Ярко сверкают стихи Туроверова

30 марта 1899 — 23 сентября 1972

…многим помнится сцена из фильма «Интервенция»: белогвардеец, стреляющий в своего коня, в исступление бросающегося за кораблём, уносящим хозяином…

Не строки ли Н. Туроверова стали основой кадров:

Уходили мы из Крыма

Среди дыма и огня,

Я с кормы все время мимо

В своего стрелял коня.

А он плыл, изнемогая,

За высокою кормой,

Все не веря, все не зная,

Что прощается со мной.

…лёгкая напевность и плавная закруглённость стиха, как будто, используя эстетические средства, снижают градус трагедии: на самом деле остающийся палить и калить пространство русской истории…

…высокие взмывы христианского осознания сути оной, словно творящей самостоятельно чудовищное, возникают в недрах строк, отправленных в мир Туроверовым:

Перегорит костер и перетлеет,

Земле нужна холодная зола.

Уже никто напомнить не посмеет

О страшных днях бессмысленного зла.

Нет, не мученьями, страданьями и кровью –

Утратою горчайшей из утрат –

Мы расплатились братскою любовью

С тобой, с тобой, мой незнакомый брат.

С тобой, мой враг, под кличкою «товарищ»,

Встречались мы, наверное, не раз.

Меня Господь спасал среди пожарищ,

Да и тебя Господь не там ли спас?

Он сам – поэт крупного дарования – не мог становиться холодной золой, до конца творчества, сиречь жизни, полыхая памятью и страстью…

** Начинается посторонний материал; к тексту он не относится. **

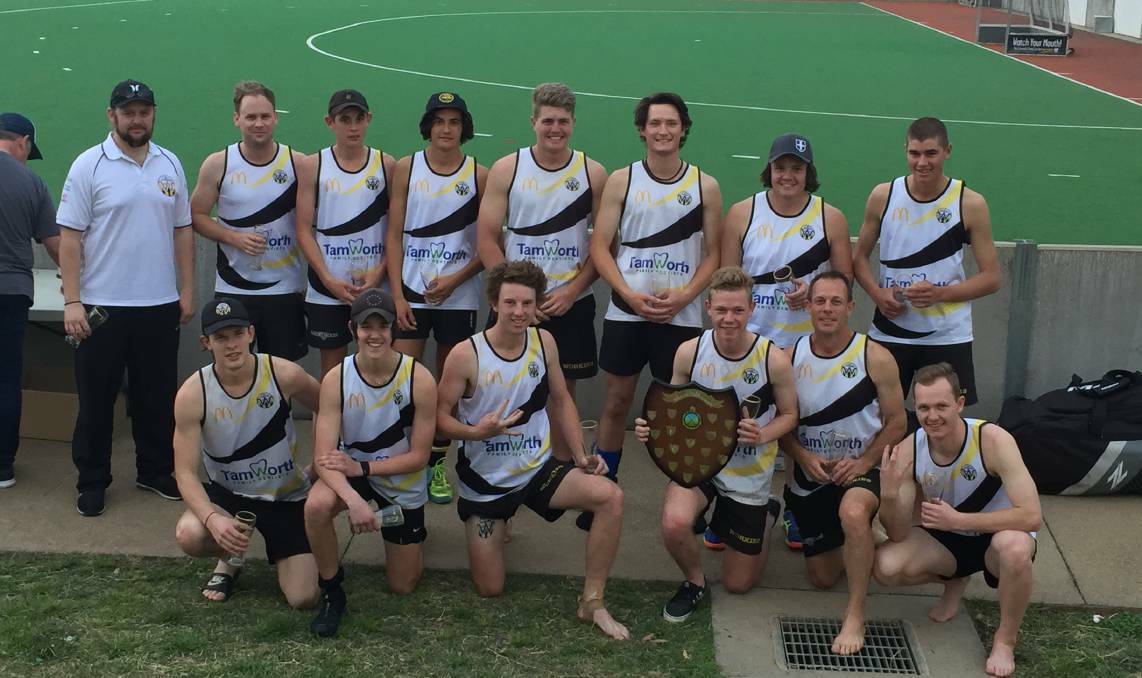 Dynasty: Farmilo (front second from right) celebrates Workies' grand final triumph last season. It was their 10th in 11 years. He's flanked by sons Calvin (left) and Isaac (right).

…Туроверов был из дворян Войска Донского, познавший Первую мировую, Гражданскую и Вторую мировую, он хранил заветы казачества, воплощая их в слове: самовитом и крепком, живописном и музыкально-звучащим:

Забыть ли, как на снеге сбитом

В последний раз рубил казак,

Как под размашистым копытом

Звенел промерзлый солончак,

И как минутная победа

Швырнула нас через окоп,

И храп коней, и крик соседа,

И кровью залитый сугроб?

Этот «кровью залитый сугроб» сильно плещет в глаза и нынешнему читателю, представляя трагедию былую, как драму вечности.

…подъесаул, имевший четыре ранения, познавший лагеря, после них работавший лесорубом в Сербии, грузчиком во Франции: судьба изрядно тёрла Туроверова в шероховатых ладонях.

Родные места, сохранённые в ячейках памяти сладостью и болью, вновь и вновь расцветами чудесными стихами:

Не выдаст моя кобылица,

Не лопнет подпруга седла.

Дымится в Задонье, курится

Седая февральская мгла.

В лепестках строк было нечто гранёное; и боль души: не проходящая казалось, оттенялась стоицизмом, выработанным за жизнь.

Ярко сверкают стихи Туроверова.

Сильно проходят по ним ленты истории, свидетелем которых был поэт, оставивший живо пульсирующее, самобытное наследие.